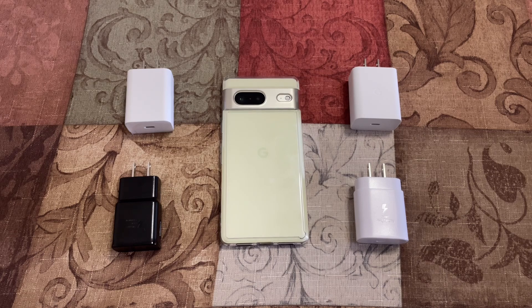Hello everyone, welcome to S-Tech. My name is Senthil. In this video, I'm going to do the Pixel 7 Charger Speed Test. So let's continue this video.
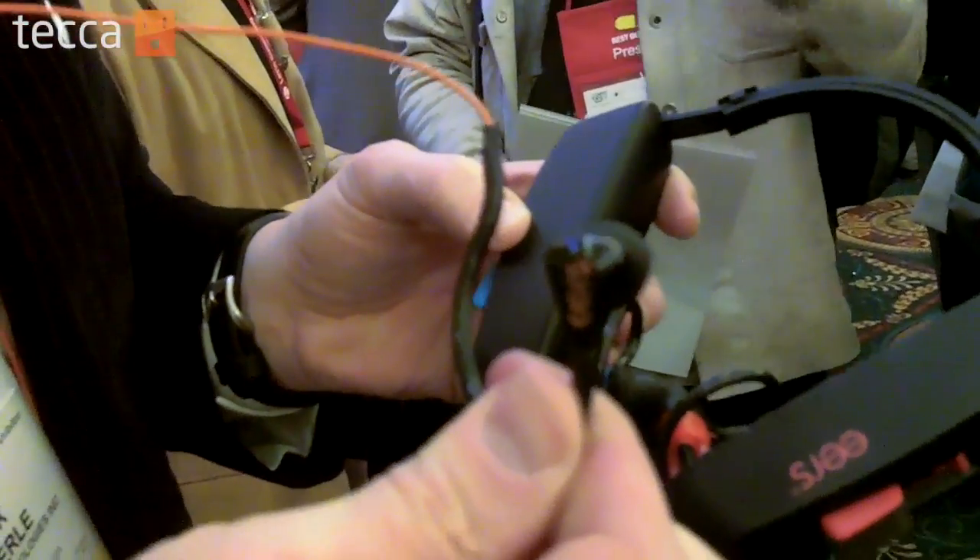They never fall out, it sounds amazing, super comfortable. They're $199 for the base enhanced model and $299 for the dual driver — tweeter and woofer in each earpiece.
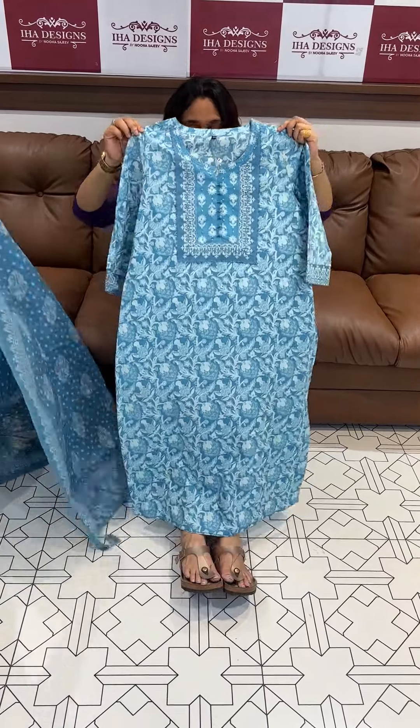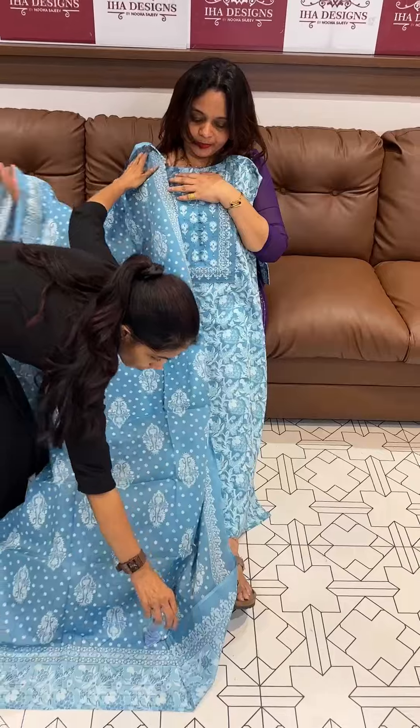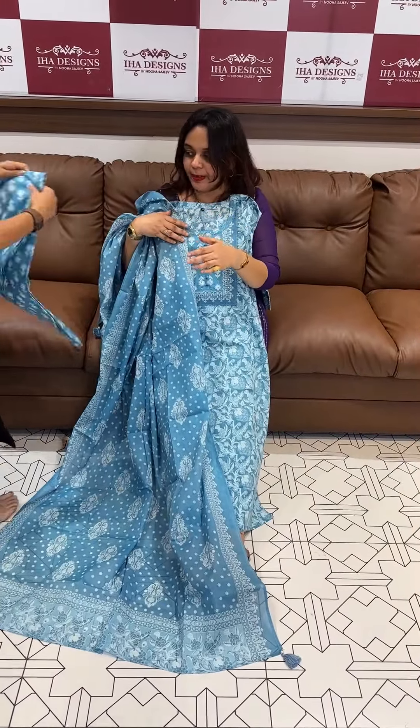Hello viewers, welcome back to IHA Design. Summer Specialty IHA Longer in the Ready to Wear Top. Top or Necky Li Charreddha, I am going to hand highlight with Pure Malman Dupatta. Pure Cotton Dupatta Printed Pants.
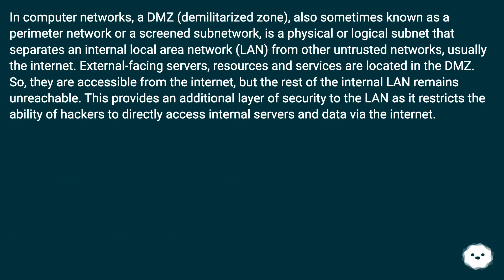The DMZ, also known as a perimeter network or screened sub-network, is a physical or logical subnet that separates an internal local area network (LAN) from other untrusted networks, usually the internet. External facing servers, resources, and services are located in the DMZ so they are accessible from the internet, but the rest of the internal LAN remains unreachable. This provides an additional layer of security to the LAN as it restricts the ability of hackers to directly access internal servers and data via the internet.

Problem to work on: The preceding listing is to be restated word for word, with every picture omitted.

Response box:
Hello everyone, welcome to S-Tech. My name is Senthil. In this video, I'm going to do the Pixel 7 Charger Speed Test. So let's continue this video.
They never fall out, it sounds amazing, super comfortable. They're $199 for the base enhanced model and $299 for the dual driver — tweeter and woofer in each earpiece.
Hello viewers, welcome back to IHA Design. Summer Specialty IHA Longer in the Ready to Wear Top. Top or Necky Li Charreddha, I am going to hand highlight with Pure Malman Dupatta. Pure Cotton Dupatta Printed Pants.
The DMZ, also known as a perimeter network or screened sub-network, is a physical or logical subnet that separates an internal local area network (LAN) from other untrusted networks, usually the internet. External facing servers, resources, and services are located in the DMZ so they are accessible from the internet, but the rest of the internal LAN remains unreachable. This provides an additional layer of security to the LAN as it restricts the ability of hackers to directly access internal servers and data via the internet.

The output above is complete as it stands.